En découvrant tout cela, il est vraiment inconcevable de penser que le gouvernement indien veuille les assimiler à leur société moderne. Le choc serait trop grand pour eux. C’est pourtant l’objectif avoué par les autorités : assimiler les derniers d’entre eux à la population. Des écoles ont été ouvertes spécialement pour les Jarawa. On tombe dans le grotesque quand on découvre que le ministère des Affaires Tribales a suggéré de « donner des bananes » aux enfants pour les inciter à venir en cours… C’est pour appeler à leur protection que le film « Nous sommes l’humanité » sort. En plus du documentaire, une campagne de sensibilisation a été lancée et une pétition demande au gouvernement indien de réellement protéger les Jarawa. « Ils nous ont confié la responsabilité de diffuser leur message d’auto-détermination au monde entier », affirme Alexandre Dereims.

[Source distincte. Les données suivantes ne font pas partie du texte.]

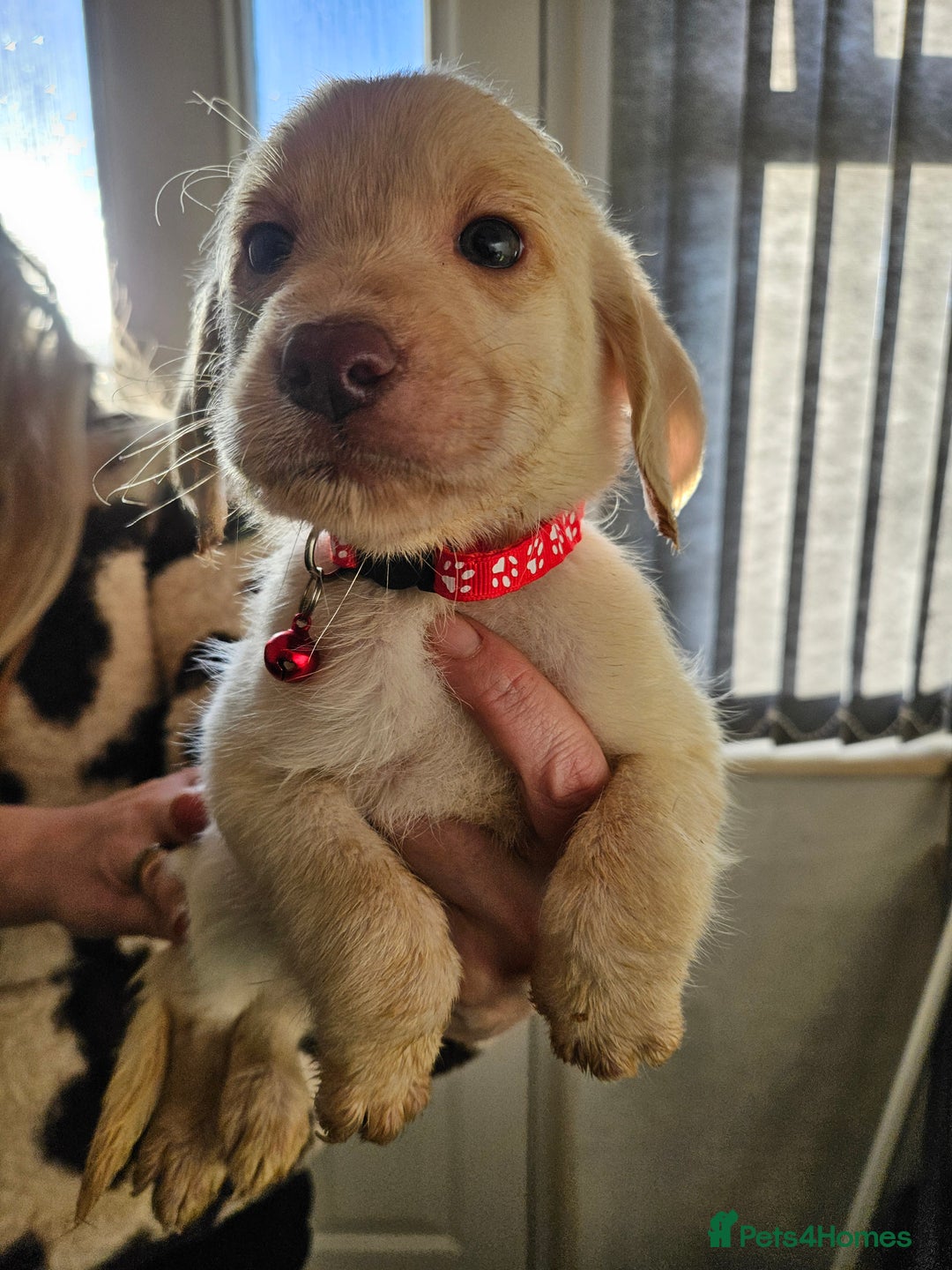 Labradoodle dogs for sale: 9 gorgeous labradoodles, red fox and cream - Advert 28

Aujourd’hui, les tribus isolées telles que les Jarawa sont en danger. Ils représentent des peuples vulnérables face à des forces très puissantes qui luttent contre eux. La protection de ces autochtones ne passera que par une prise de conscience collective, à laquelle un film comme celui d’Alexandre Dereims pourra grandement participer.